La senadora Amy Klobuchar, demócrata, afirma: «A cualquiera en nuestro estado le cuesta entender esto». Reflexiona que la cultura política de Minnesota puede ayudar a explicar la situación. «Uno de los aspectos que tal vez sea único aquí es que, en nuestro caso, ciudadanos de a pie, incluida una joven en el caso de George Floyd, acudieron al lugar y empezaron a grabar en vídeo», asegura Klobuchar. «Y cuando les dijeron que se marcharan, continuaron grabando». Minneapolis está mostrando algo parecido a una respuesta inmunitaria frente a la actuación de ICE. Sindicatos, organizaciones sin ánimo de lucro, grupos religiosos y ciudadanos particulares se han unido en una densa red de apoyo a los migrantes, con o sin papeles, repartiendo comida, siguiendo los vehículos de ICE, increpando a los agentes e incluso avisando a los migrantes con silbatos cuando se acercan.

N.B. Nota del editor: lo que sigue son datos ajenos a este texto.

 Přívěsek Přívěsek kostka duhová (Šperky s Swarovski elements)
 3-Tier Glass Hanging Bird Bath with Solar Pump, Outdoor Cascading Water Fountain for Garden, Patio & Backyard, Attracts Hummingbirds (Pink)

La política de solidaridad y resistencia de Minneapolis se nutre de al menos dos fuentes, una antigua y otra reciente. El partido Demócrata del estado se llama “Partido Demócrata-Campesino-Laborista” (Democratic–Farmer–Labor Party, DFL, por sus siglas en inglés) debido a sus raíces en el populismo agrario y obrero de principios del siglo XX. En una de esas ironías de la historia, fue una gran oleada de inmigrantes del tipo que Trump dice querer más —escandinavos— la que dio origen a esta política de izquierdas. Ahora el DFL se concentra en Minneapolis, ya que la “F” ha dejado de ser un grupo clave para los demócratas en Minnesota, y la “L” va perdiendo peso, a pesar de incondicionales como Lüneburg.

La fuente más reciente es el asesinato de George Floyd, que hizo que incluso los residentes más privilegiados de la ciudad tomaran conciencia de cómo se podía abusar de la ley y anular los derechos, afirma Emmanuel Mauleón, profesor de Derecho en la Universidad de Minnesota. “Hubo un despertar masivo sobre lo que ocurre cuando las fuerzas del orden sobrepasan sus límites”, señala. “La ética de protegernos unos a otros de esta manera, creo, nace de ese momento”.

Para los funcionarios de Trump, es la resistencia la que está abusando de la ley. Han calificado a Good de terrorista doméstica que pretende atropellar al agente. Han defendido las tácticas de ICE como necesarias para impedir que los anarquistas dificulten el trabajo de las fuerzas de seguridad. Entre los presidentes modernos, Trump es único por su empeño, ante la oposición, en aumentar la tensión política. Sea o no intencionado este resultado, la ofensiva en Minneapolis podría provocar una sobrerreacción en la izquierda, en forma de resistencia ilegal a nivel local y un renovado impulso nacional de los demócratas para “abolir ICE”, del mismo modo que en 2020 algunos también pidieron abolir la policía. Las encuestas muestran que la represión de Trump es impopular en este momento, pero también que los votantes siguen confiando más en los republicanos del Congreso en lo relativo a inmigración.

Quienquiera que los tribunales determinen que está infringiendo la ley en Minneapolis, esta disputa es, en última instancia, política. Saldrá perdiendo el bando que se exceda. Pero, en realidad, nadie ganará.